Damage to the ductwork, electrical wiring, drywall and insulation decreases the function of your home's systems while reducing energy efficiency. Repairing this damage could be physically, emotionally and financially overwhelming.

Prevention of Raccoon Problems

Making your home less appealing is one of the easiest ways to prevent raccoons and other wildlife from entering your home.
Clean up spills inside and outside your home and make sure all food is sealed properly in cabinets and pantries. Clean up pet food bowls indoors and outdoors at night. Also, make sure garbage cans have lids that seal properly over the container.
Since raccoons consider insects and small pests food sources, keep the area around your home free of insects, frogs, worms, and even bird nests. Also, avoid planting fruit and nut trees too close to your home.
Raccoons and other wildlife could use tree branches as a path into your home's attic. Use pruning shears to trim tree branches that are too close to your home.

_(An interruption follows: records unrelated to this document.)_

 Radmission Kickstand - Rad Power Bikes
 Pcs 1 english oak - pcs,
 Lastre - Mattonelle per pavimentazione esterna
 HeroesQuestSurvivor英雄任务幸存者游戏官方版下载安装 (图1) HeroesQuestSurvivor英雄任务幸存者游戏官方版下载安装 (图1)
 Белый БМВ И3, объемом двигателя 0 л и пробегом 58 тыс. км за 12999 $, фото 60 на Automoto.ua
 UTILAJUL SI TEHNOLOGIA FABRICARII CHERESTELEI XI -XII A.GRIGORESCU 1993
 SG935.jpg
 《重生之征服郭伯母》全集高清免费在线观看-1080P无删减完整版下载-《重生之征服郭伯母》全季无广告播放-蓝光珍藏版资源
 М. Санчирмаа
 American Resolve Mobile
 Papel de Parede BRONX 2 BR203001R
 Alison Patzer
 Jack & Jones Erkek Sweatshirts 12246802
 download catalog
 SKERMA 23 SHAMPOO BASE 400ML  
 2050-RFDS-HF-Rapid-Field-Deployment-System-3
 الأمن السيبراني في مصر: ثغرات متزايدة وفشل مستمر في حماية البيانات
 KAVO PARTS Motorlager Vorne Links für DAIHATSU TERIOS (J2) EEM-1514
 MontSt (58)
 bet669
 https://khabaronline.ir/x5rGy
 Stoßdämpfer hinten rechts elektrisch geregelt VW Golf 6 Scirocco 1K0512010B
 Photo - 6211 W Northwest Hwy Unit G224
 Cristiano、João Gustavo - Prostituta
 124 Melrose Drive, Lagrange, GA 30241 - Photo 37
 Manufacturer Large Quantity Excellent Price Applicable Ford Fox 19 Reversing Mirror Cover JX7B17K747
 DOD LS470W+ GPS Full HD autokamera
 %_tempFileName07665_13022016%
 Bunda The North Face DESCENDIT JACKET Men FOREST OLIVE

Inspect your roof regularly for cracks and holes, since the attic is the most common place for raccoons to enter. Repair torn soffits or broken vent covers, and replace missing shingles.
Make sure doors to your crawlspace and basement are always closed.
You likely already have a raccoon problem inside the home if you notice the following signs:
  • Droppings that look similar to fecal matter from dogs
  • Flattened insulation that appears to be chewed or clawed
  • Chewed wiring and damaged ductwork
Never attempt to catch and remove a raccoon on your own. If the handler does not have proper knowledge and experience, their handling a wild animal can lead to severe injury.